FIGS. 2A-2B show the initial stages of fabricating an alternative composite construction element, where an alternative construction element core 17 is fabricated.
In FIG. 2A an alternative block of material 10 is shown affixed to the floor 4 via the locator pin 2 and docking station 3. At least some of the external surfaces of the block 10 have additional portions of first building material 11 arranged thereon.
In FIG. 2B, the block 10 is located adjacent to an alternative computer-controlled apparatus 12. The apparatus has a material deposition head 14 attached to a movable robotic arm 13. The deposition head is in fluid communication with a supply of substantially liquid first building material, which may be stored in a reservoir 15, via one or more hoses 16. Responsive to computer instructions relating to a desired construction element core geometry, the arm 13 moves the material deposition head 14 relative to the block of material 1 and selectively operates the material deposition head 14, successively depositing portions of the first material 11 in specific locations to fabricate the core 17, which corresponds with the desired construction element core geometry. The portions of first building materials 11 are typically deposited as beads of material, which typically form layers. Each layer may be formed of a single continuous bead, or a plurality of beads. Each layer may also be planar, or non-planar and three-dimensional, for example, having double-curved or faceted portions. It will be appreciated that deposition includes extrusion, jetting or spraying of the first building material.
It will be appreciated that whilst the computer-controlled apparatus 12 is shown in FIG. 2B depositing portions of first building material 11 directly on to the surfaces of the block 10, the apparatus 12 may also deposit first material directly onto the ground 4 or any other substrate to fabricate the core 17. The presence of the block 10 is optional depending on a number of factors such as the availability of depositable first material, the geometry of the core 17, or time available to deposit the first material.

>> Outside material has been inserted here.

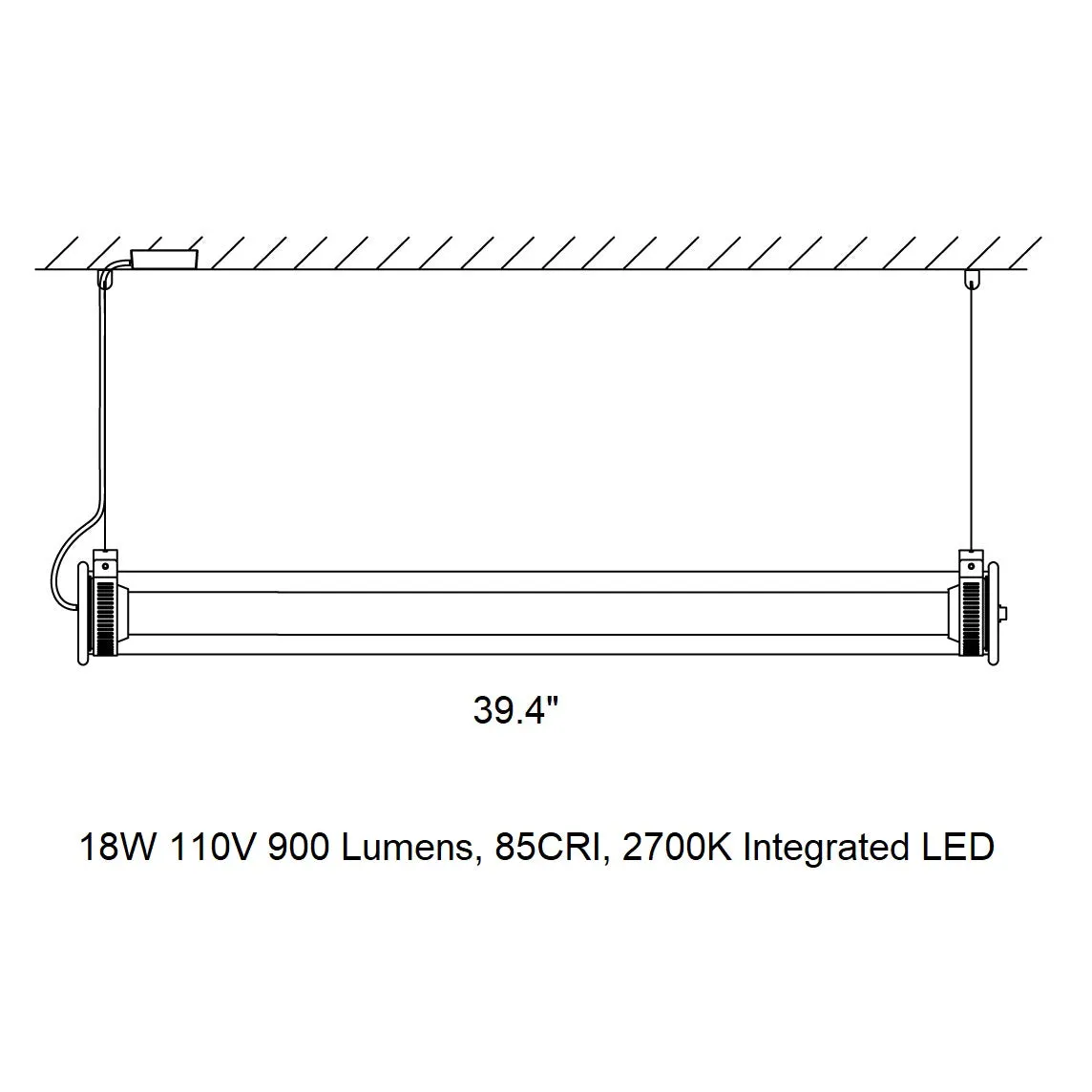 In The Tube 360 Horizontal Outdoor Pendant Light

Optionally, the computer-controlled apparatus 12 is adapted to have inter-changeable fabrication heads, allowing the material deposition head 14 to be replaced with a milling head (not shown), such as previously discussed in relation to FIG. 1B. In this scenario, the apparatus 12 may perform a further stage of fabrication and remove specific portions of the deposited first material with the milling head, in order to refine the surface finish of the core 17, such as adding fine decorative or functional features. The steps of selective deposition and selective milling may also be repeated a number of times in order to fabricate specific features in the core 17.
The core 9, 17 preferably defines a plurality of voids, in order to reduce the mass of material required to fabricate the core 9, 17 and the weight of the core 9, 17. This may be achieved by using a foamed material, which comprises a pre-determined quantity of gas bubbles, as the first building material. Such materials are preferably fire retardant, readily available, light weight and provide good sound and/or temperature insulation. An inorganic foamed material is typically suitable for these purposes, such as basalt, or in some instances a combination of inorganic and organic foamed materials would be suitable, thereby allowing a fireproof outer shell of basalt to be formed. Also, for at least the outer surfaces of the core 9, 17, it is preferable to use an open cell foamed material, as this provides a greater mechanical connection with a second building material skin. This is discussed further below.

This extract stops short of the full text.